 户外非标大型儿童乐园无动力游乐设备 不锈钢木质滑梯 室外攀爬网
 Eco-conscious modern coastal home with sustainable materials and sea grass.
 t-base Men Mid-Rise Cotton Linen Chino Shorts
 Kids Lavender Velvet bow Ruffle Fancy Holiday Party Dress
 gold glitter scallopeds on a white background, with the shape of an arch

==

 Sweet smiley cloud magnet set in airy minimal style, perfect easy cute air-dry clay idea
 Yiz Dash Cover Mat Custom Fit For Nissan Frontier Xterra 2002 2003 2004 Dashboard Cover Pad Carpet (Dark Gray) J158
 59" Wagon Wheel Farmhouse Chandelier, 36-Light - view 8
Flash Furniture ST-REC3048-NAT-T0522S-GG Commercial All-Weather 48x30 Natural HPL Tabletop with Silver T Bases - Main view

__What the task asks__: Report every line above that has the string "view" in it.

__Task solution__:
 59" Wagon Wheel Farmhouse Chandelier, 36-Light - view 8
Flash Furniture ST-REC3048-NAT-T0522S-GG Commercial All-Weather 48x30 Natural HPL Tabletop with Silver T Bases - Main view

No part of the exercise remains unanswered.